=== INFORMATION SUPPLIED ===

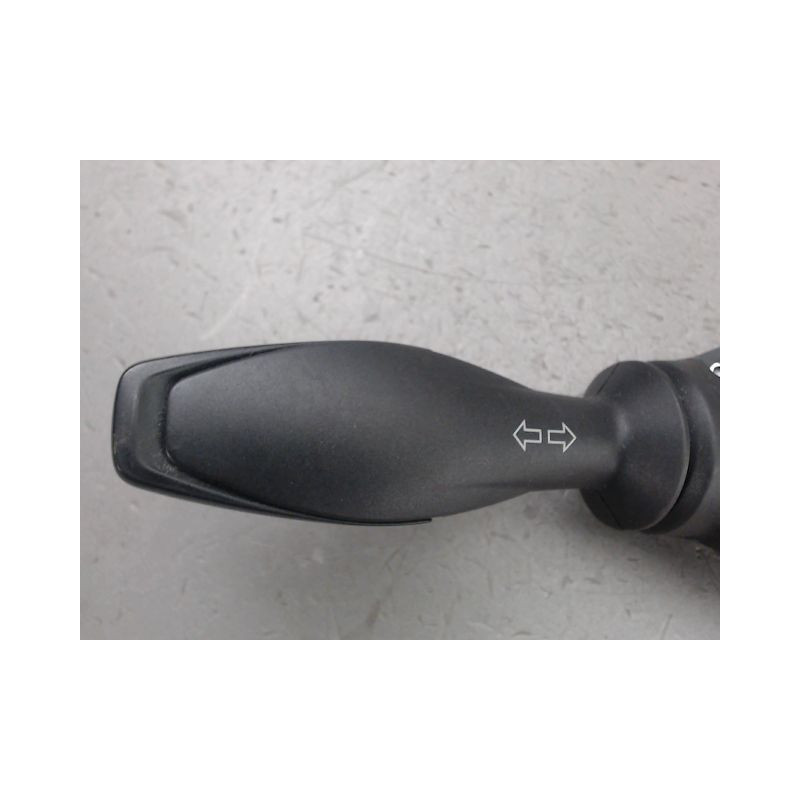 COMMANDE CLIGNOTANT FORD FIESTA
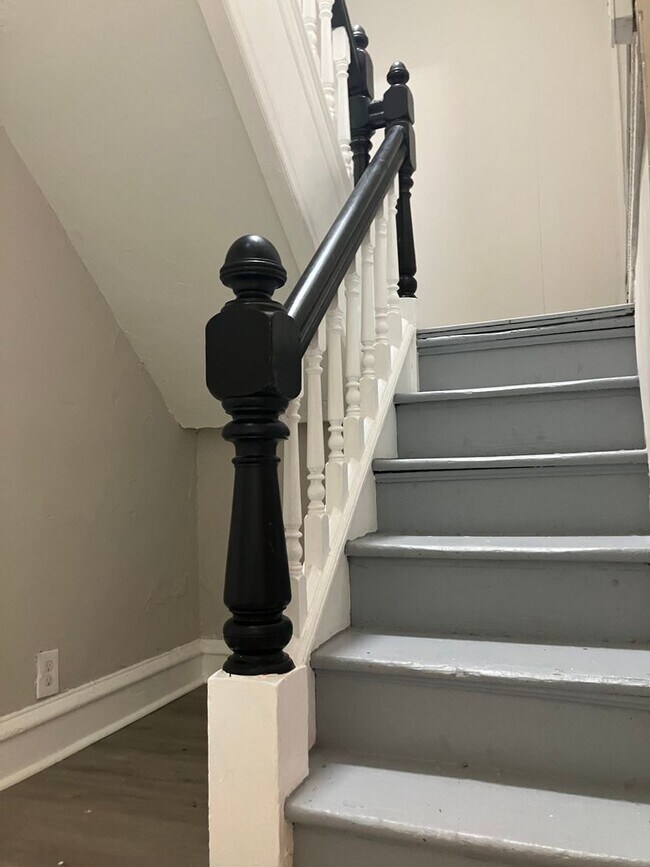 Building Photo - Rare 7-Bedroom, 3.5-Bath Home with Generous Living Space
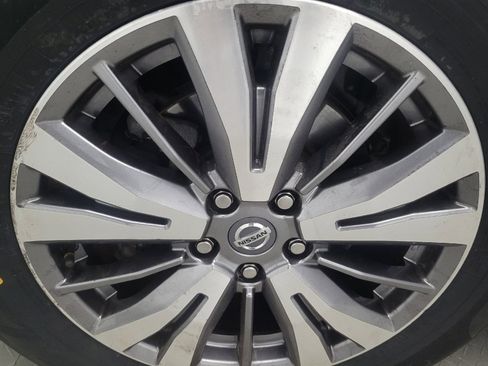 Used 2019 Nissan Pathfinder SV image 31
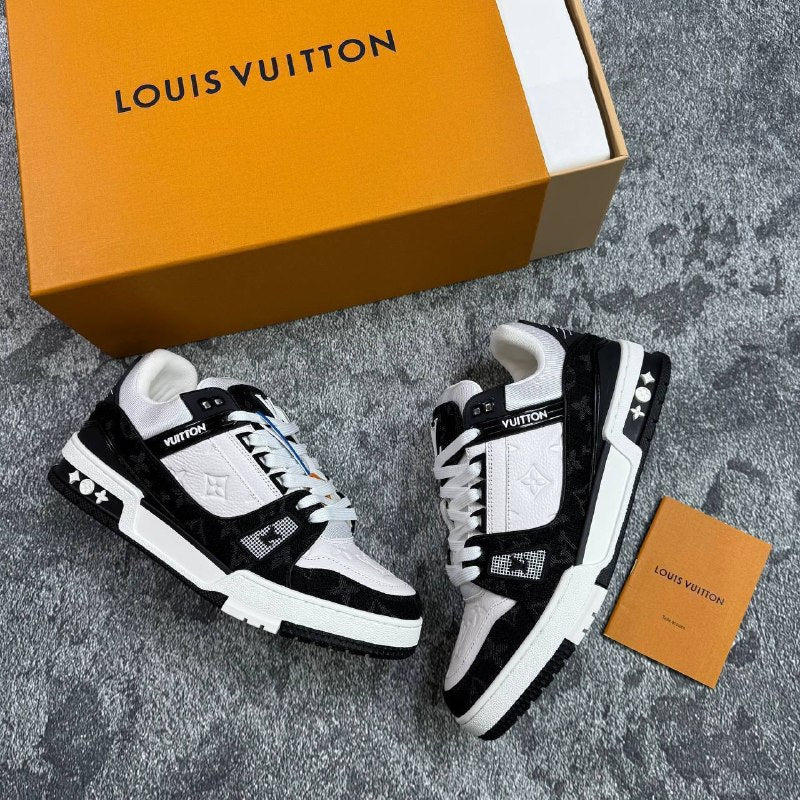 Lv trainer with box on sale sa1205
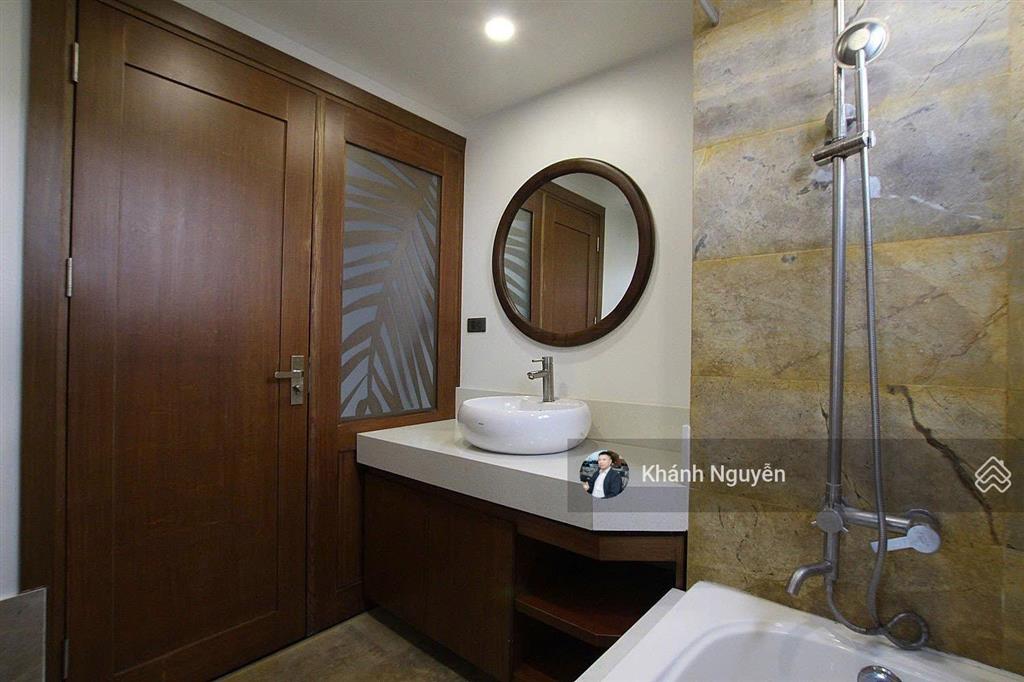 Tòa căn hộ dịch vụ hồ tây  70m2  9 tầng thang máy  dòng tiền 100tr/tháng  gần sheraton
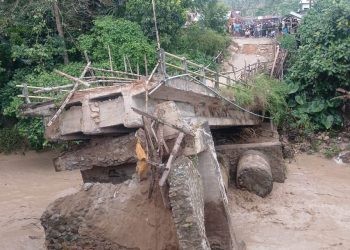Kondisi jembatan Pulubala ambruk usai diterjang arus sungai, Senin (14/4/2025)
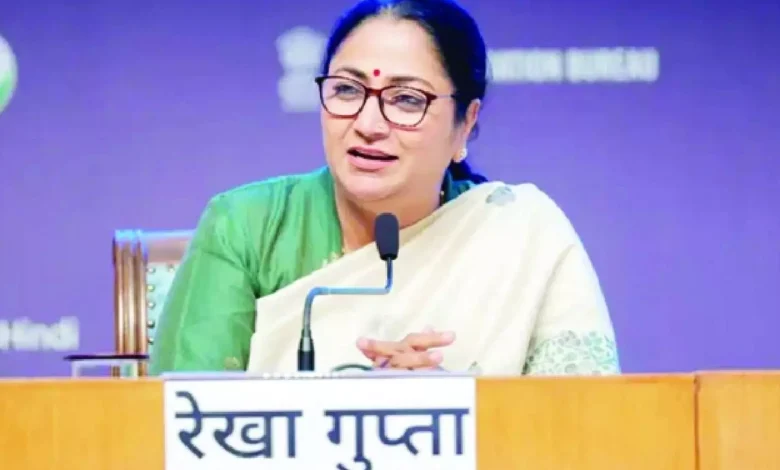 दिल्ली की मुख्यमंत्री रेखा गुप्ता राशन कार्ड पात्रता पर प्रेस कॉन्फ्रेंस करते हुए।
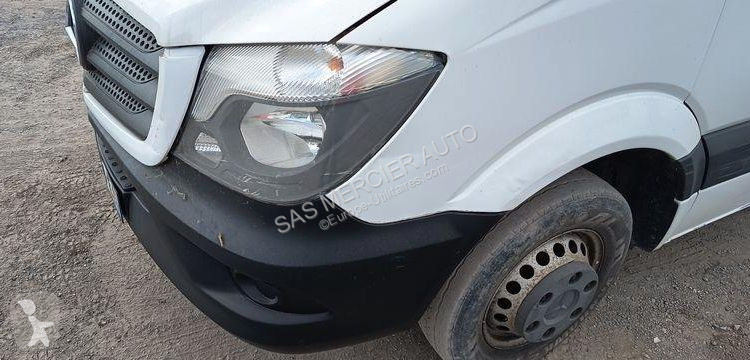 Furgoneta Mercedes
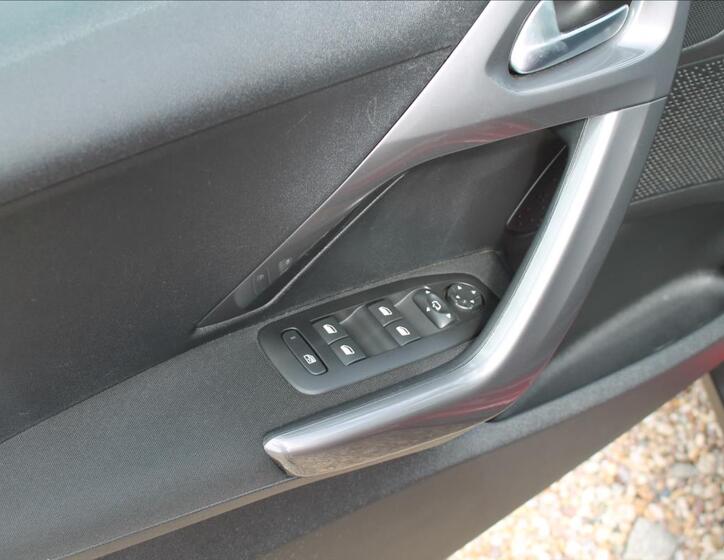 Peugeot 2008 23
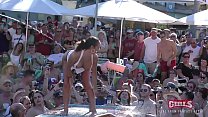Insane Pussy Twerk Fiesta en la piscina Key West Fest Sluts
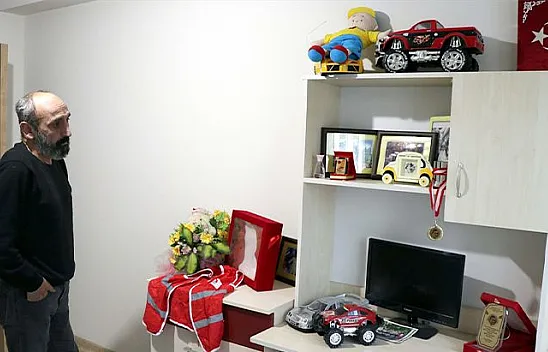 Depremde doğan evladını yine depremde yitirdi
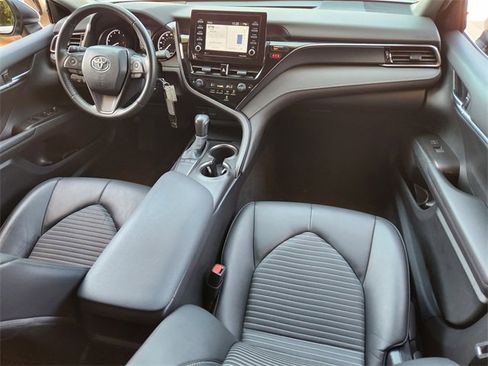 Used 2024 Toyota Camry SE image 23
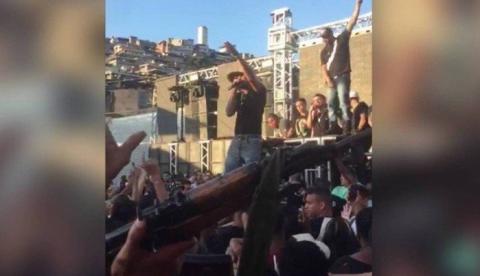 MPE vai analisar vídeo de MC candidato cantando em baile com homens armados
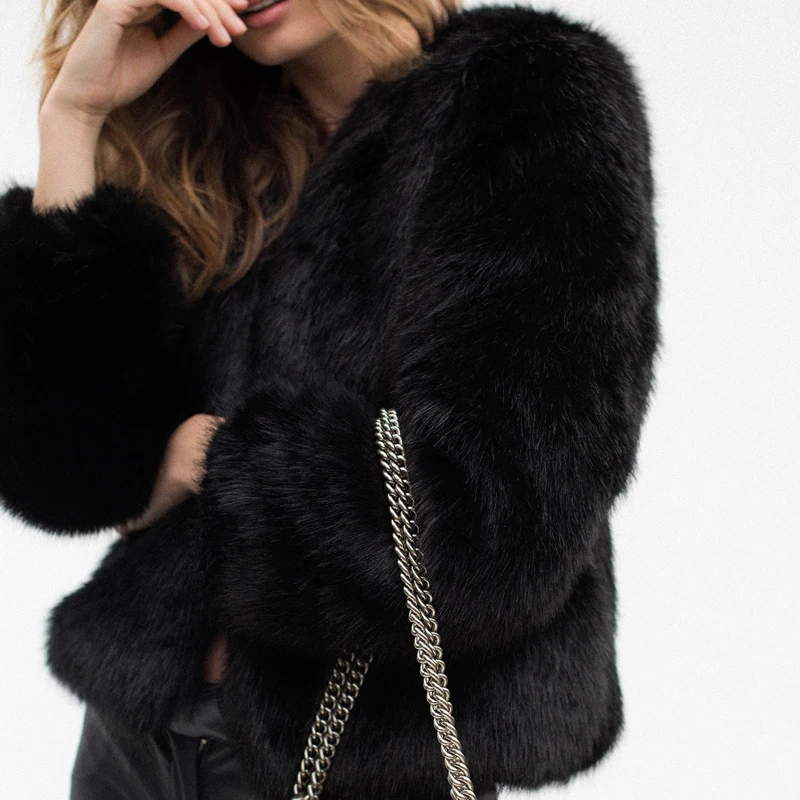 Style-Addict--Aki-Faux-Fur-Jacket-6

===

#### WHAT NEEDS TO BE DONE
Print the listing word for word, but omit the pictures.

#### COMPLETED TASK
 COMMANDE CLIGNOTANT FORD FIESTA
 Building Photo - Rare 7-Bedroom, 3.5-Bath Home with Generous Living Space
 Used 2019 Nissan Pathfinder SV image 31
 Lv trainer with box on sale sa1205
 Tòa căn hộ dịch vụ hồ tây  70m2  9 tầng thang máy  dòng tiền 100tr/tháng  gần sheraton
Kondisi jembatan Pulubala ambruk usai diterjang arus sungai, Senin (14/4/2025)
 दिल्ली की मुख्यमंत्री रेखा गुप्ता राशन कार्ड पात्रता पर प्रेस कॉन्फ्रेंस करते हुए।
 Furgoneta Mercedes
 Peugeot 2008 23
Insane Pussy Twerk Fiesta en la piscina Key West Fest Sluts
 Depremde doğan evladını yine depremde yitirdi
 Used 2024 Toyota Camry SE image 23
 MPE vai analisar vídeo de MC candidato cantando em baile com homens armados
 Style-Addict--Aki-Faux-Fur-Jacket-6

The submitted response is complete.